Statkievič’s wife: my husband stands by his values

September 19, Pozirk. Opposition politician Mikałaj Statkievič’s decision not to leave Belarus after being pardoned last week reflects his dignity, convictions and values, which he is unwilling to abandon, his wife Maryna Adamovič told Lithuania’s LRT in an interview.
The politician was one of 52 dissidents pardoned on September 11 following Alaksandar Łukašenka’s meeting with John Coale, US deputy special envoy to Ukraine. On the same day, all of them were taken to Lithuania—except for Statkievič, who refused to leave Belarus.
He remained for several hours at the Kamienny Łoh border checkpoint on the Belarusian-Lithuanian border, as confirmed by CCTV footage. His current whereabouts are unknown.
According to Naša Niva, he may be held at the Hłybokaje penal colony in the Viciebsk region. That is the same prison where Statkievič had been serving his 14-year sentence in a politically motivated case. For the past two and a half years, he had been held incommunicado.

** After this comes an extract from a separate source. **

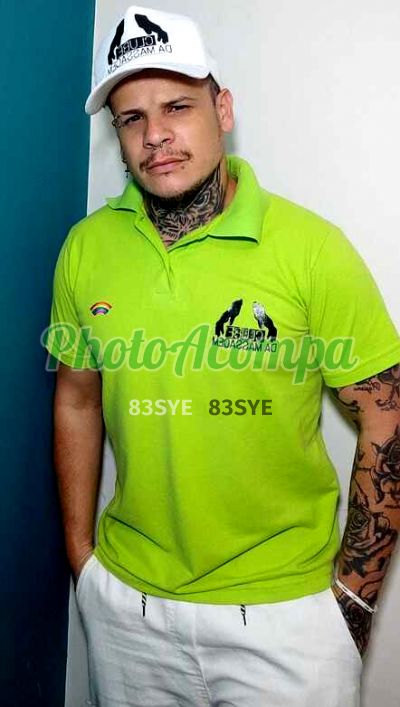 Theo (11) 95765-5637, homem que faz massagens eróticas em Santos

Adamovič said she learned of her husband’s release from their son and was able to speak to him briefly by phone.
Statkievič confirmed that he had been kept incommunicado since February 2023, though he continued writing letters to his wife.
“He never doubted for a second—just as I didn’t—that we would continue to support each other,” Adamovič said. “He managed to tell me he was going back to Belarus,” she added, noting that he understood the trip to Lithuania was “one-way only.”

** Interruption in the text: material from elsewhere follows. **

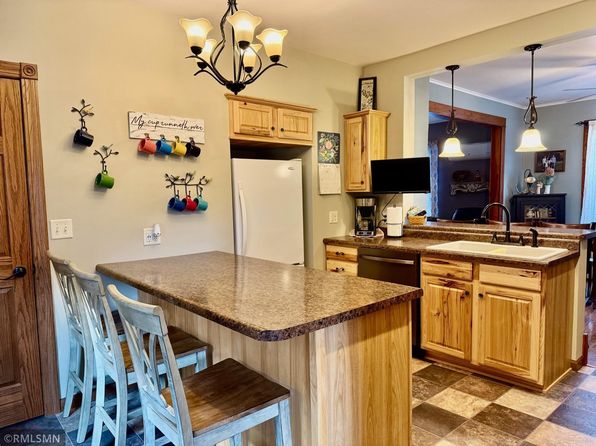 304 Louisiana Ave, Adrian, MN 56110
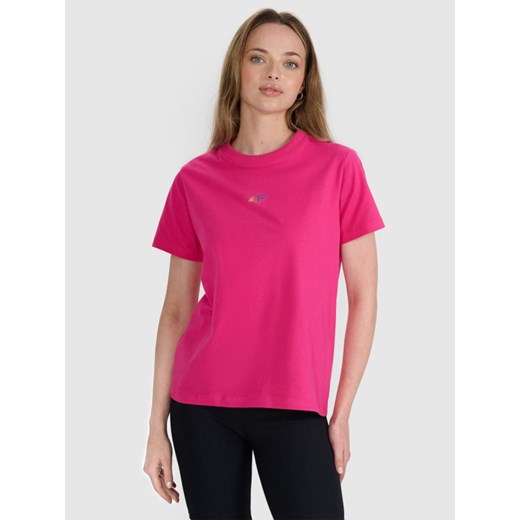 Damski t-shirt oversize z nadrukiem 4F 4FRSS25TTSHF3163 - różowy ze sklepu Sportstylestory.com w kategorii Bluzki damskie - zdjęcie 186095110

On the phone, Statkievič sounded “incredibly energetic and powerful,” she said. “It was the voice of a completely unbroken man, despite the fact that during the five years and three and a half months he spent in the colony, most of the time was in solitary confinement.”
Adamovič described her husband as a man convinced that values and convictions “are worth exactly as much as a person is willing to pay for them.”

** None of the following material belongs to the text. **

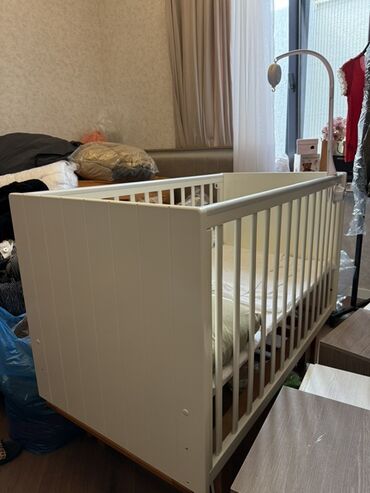 Uşaq üçün maşın çarpayıları: 1 ay istifade edilib yeni kimi qalib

“If someone declares publicly important values but then shows that personal safety matters more, those values are devalued in the public’s eyes. Mikałaj cannot allow that to happen. This is another reason he stayed in Belarus.”
Pozirk thanks LRT for the interview. We cannot speak directly with Adamovič, as she risks a lengthy prison sentence in Belarus for giving an interview to a media outlet designated by the authorities as an “extremist group.”